司会者浜田、審査員長松本で展開するキングオブコント

キングオブコントの司会は、ここ9年は浜田雅功が担当している。

賞レースの司会を浜田、審査員長を松本がやっているので、キングオブコントは他の賞レースと違う雰囲気になる。

真剣勝負の場でありながら、この二人を中心にちょっと違う世界が作り出される。

私はこの雰囲気が大好きだ。

1980年代のダウンタウンの香りがする

一生を左右する場なので出演芸人は極度に緊張しており、その一部は審査員の芸人にもうつっている。

でも、浜田雅功は、司会なので、芸人人生の浮沈を握っておらず、のびのびとやっている。

あまりにのびのびしていて、見ていて気持ちいい。

やりすぎも含めて、私はただ楽しい。

もともとダウンタウンの漫才はそういうものだったからだ。1980年代のダウンタウンをおもいだして嬉しくなる。

審査員呼び込みまで20秒を無駄に使う

2023年のキングオブコントでは、とくに浜田雅功の自由ぶりがきわだっていた。

司会は浜田雅功とTBSの日比麻音子(ひび まおこ)アナウンサーであった。(このコンビで4年目になる)

冒頭ふたりの挨拶があり、審査員の呼び込みになるが、浜田雅功は「いや、まだ行かない」と彼らを呼び込まない。

他の芸人がいない状態が楽しいようにさえ見えてくる。

呼び込むまで20秒ちょっと引っ張った。生放送の冒頭で20秒無駄に使える司会は、おそらくいまの日本では浜田しかいないのではないか。

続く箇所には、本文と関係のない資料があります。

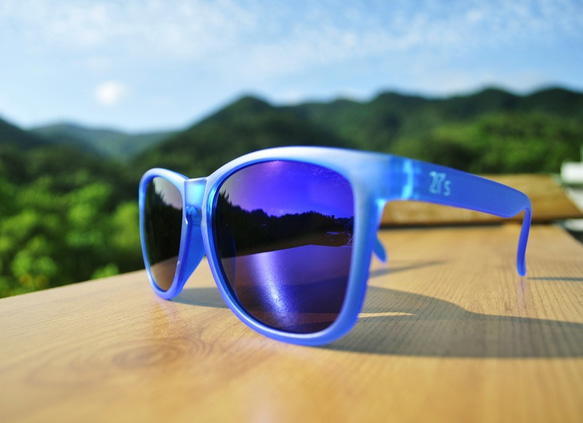 2is Brook 太陽眼鏡│藍色霧面框│藍色反光鏡片│抗UV400 第2張的照片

それでいて呼び込んだ審査員が、自分たちの席にすぐ向かわないと、さっさと降りろよ、と急かす。

きちんと、わかりやすいように支離滅裂である。

浜田と松本のやりとりが始まる

審査員長の松本人志が最後に席につくと、浜田とのやりとりが始まる。

今年はどうですかと聞かれ、松本が「今年はM−1をやるような気持ちでやりたいとおもいます」と言うので浜田は「どういうことっかなあ」と無表情に見つめる。「去年を超える大会になってほしい」ときちんと松本が答え直すと「最初にそれ言うてください」と糺す。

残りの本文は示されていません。